To understand the Court’s options, it is helpful to consider the distinction drawn by Professor Derek Muller here between treating this case as primarily presenting a substantive question of constitutional law under section 3 or as primarily presenting a question of election law regarding the scope of state power to adjudicate the qualifications of presidential candidates. In Muller’s view it should properly be analyzed as the latter.

I agree. It seems to me that the question of substantive enforcement is not squarely presented by this case. As noted in my last post, no one argues that states can disqualify a sitting president or, for that matter, any other federal official while in office. Perhaps a state could challenge in court the official acts of an alleged federal insurrectionist, but I suspect not and, in any event, that is not what is involved in this case.

It follows that the questions asked at oral argument regarding the automatic disqualification of a sitting president were largely beside the point. For example, Justice Gorsuch (I think) had a line of questions about whether Trump ceased to be the lawful president on January 7, 2021 and whether his actions were legally ineffective from that point on. Colorado’s counsel suggested that the answer would depend on the operation of the de facto officer doctrine, which I suspect was not comforting to the Court. A more comforting (and I think plausible) answer would have been that an insurrectionist in federal office does not automatically lose the powers of that office and can only be removed in accordance with federal law, i.e., by impeachment (or possibly by mechanisms established by law pursuant to section 5 of the 14th amendment). That answer, moreover, should in no way compromise Colorado’s position, which is founded on its election powers, not on powers granted by section 3.

For the same reason, though, even if a sitting president were automatically disqualified by section 3, that would not help Colorado. Colorado has no power under section 3 to decide if a federal official is an insurrectionist. Its determination that Trump is an insurrectionist, even if valid and binding for purposes of keeping him off Colorado’s ballot, would in no way prevent him from assuming or exercising the powers of the presidency. Whatever mechanism(s) may or may not exist to prevent Trump from holding the presidency or exercising the powers thereof, they do not turn on the factual findings of a single state judge or the legal conclusions of a single state supreme court.

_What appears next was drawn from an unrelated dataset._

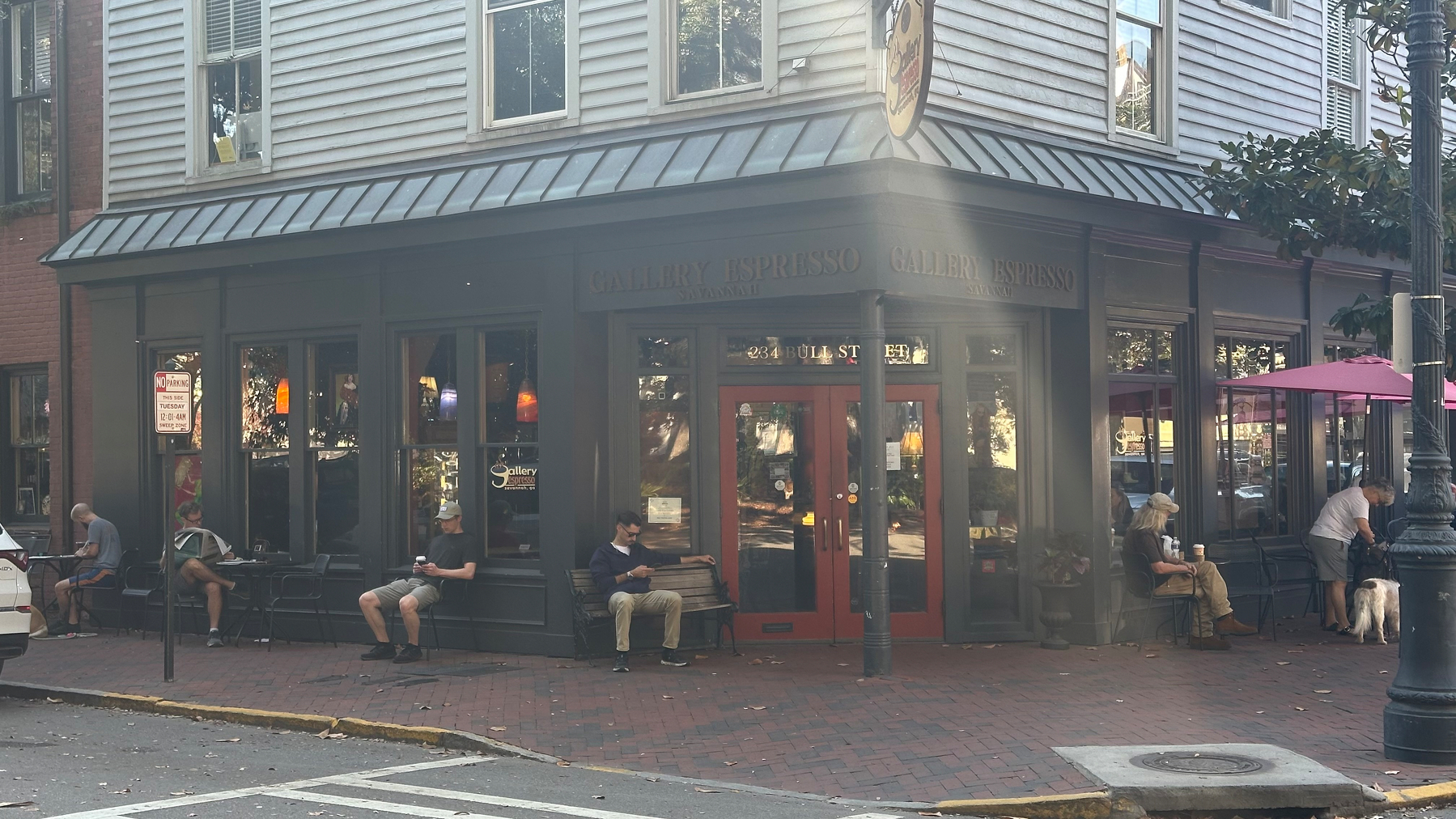 Exterior shot of coffee shop building. There are people lining the outside, sitting, reading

The real question is what powers states have, whether pursuant to the Presidential Electors Clause of Article II or otherwise, to impose or adjudicate qualifications for presidential candidates. To take a simple example, suppose a state passed a law providing that no candidate could appear on the general or primary election ballot unless at least 40 years of age (or, alternatively, that its presidential electors are prohibited from voting for any candidate who is under 40). Would such a law be unconstitutional because it imposes a qualification beyond that specified by the Constitution?

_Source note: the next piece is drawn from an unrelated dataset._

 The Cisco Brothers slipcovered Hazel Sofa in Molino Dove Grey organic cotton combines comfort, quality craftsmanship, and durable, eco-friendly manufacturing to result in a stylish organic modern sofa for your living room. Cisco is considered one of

Professor Muller says yes, stating in his amicus brief (at page 19) that “[s]tates may not add qualifications to presidential candidates.” He cites a footnote in the Supreme Court’s recent decision regarding the authority of states to bind their presidential electors to vote for the winner of the state’s popular election. See Chiafalo v. Washington, 591 U.S. ___, 140 S.Ct. 2316, 2324 n. 4 (2020). The footnote says “if a State adopts a condition on its appointments that effectively imposes new requirements on presidential candidates, the condition may conflict with the Presidential Qualifications Clause.” Id. (emphasis added).

I read that as leaving the question open (i.e., that the Presidential Qualifications Clause may or may not prohibit states from imposing new requirements), but Muller knows more about this that I do. Furthermore, both the justices and parties in Trump v. Anderson seemed to be operating under the assumption that states lack the power to add qualifications to presidential candidates. Thus, the point seems to be effectively conceded for purposes of this case, even if I (and others, including Professor Akhil Amar) harbor doubts.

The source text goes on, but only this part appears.